_WORK ITEM_:
Below this line is the material. Write out only its lines from the one containing "Real Invertebrates Observation Block" through the one containing "La Aurora Zoo", both kept, exactly.

_TASK MATERIAL_:
+++++
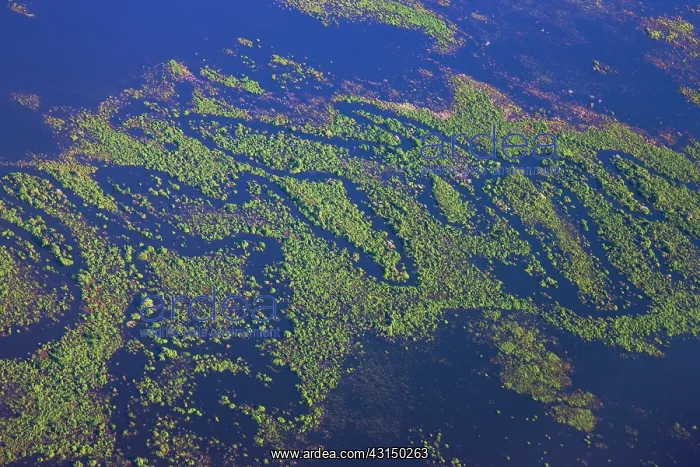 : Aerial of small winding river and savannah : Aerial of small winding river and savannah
+++++
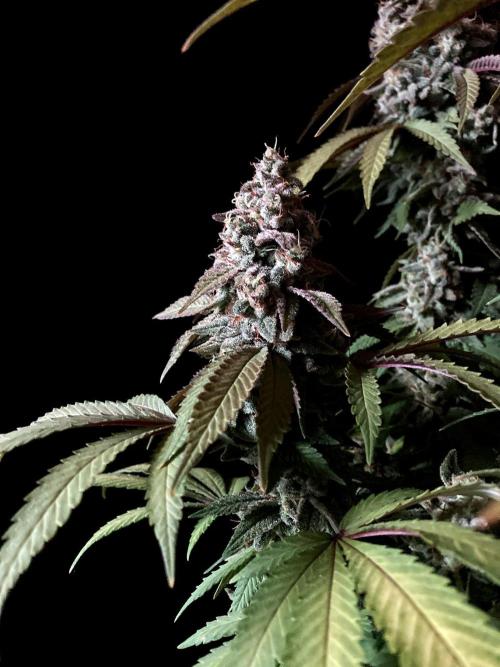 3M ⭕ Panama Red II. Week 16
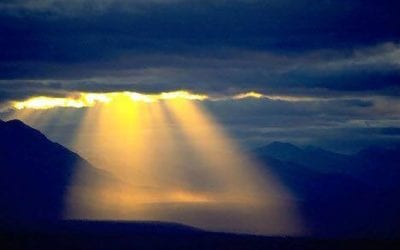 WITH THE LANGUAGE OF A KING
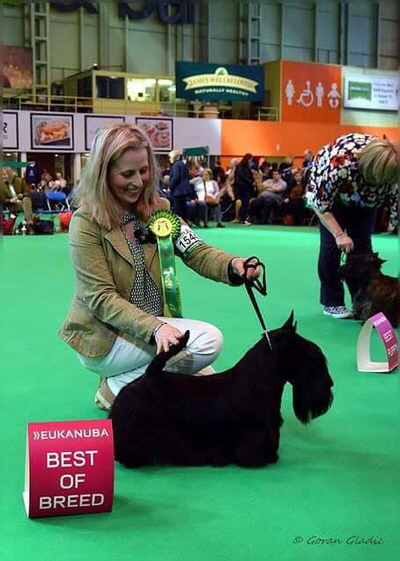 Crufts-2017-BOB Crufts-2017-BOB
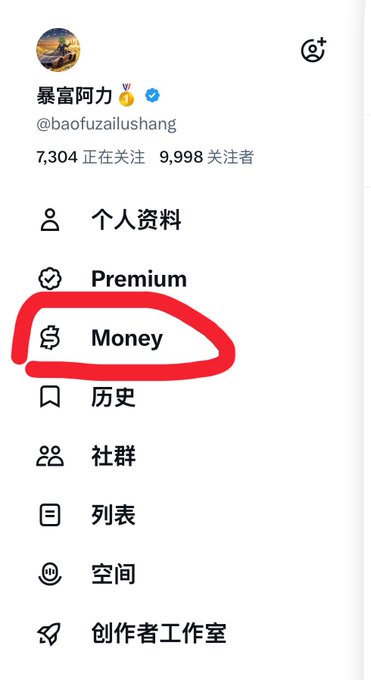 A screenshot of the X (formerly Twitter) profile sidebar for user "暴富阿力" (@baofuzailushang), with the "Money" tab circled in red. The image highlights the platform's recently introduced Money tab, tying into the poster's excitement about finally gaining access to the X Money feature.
+++++
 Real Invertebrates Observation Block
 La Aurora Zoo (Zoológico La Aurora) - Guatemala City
+++++
_RESPONSE BOX_:
 Real Invertebrates Observation Block
 La Aurora Zoo (Zoológico La Aurora) - Guatemala City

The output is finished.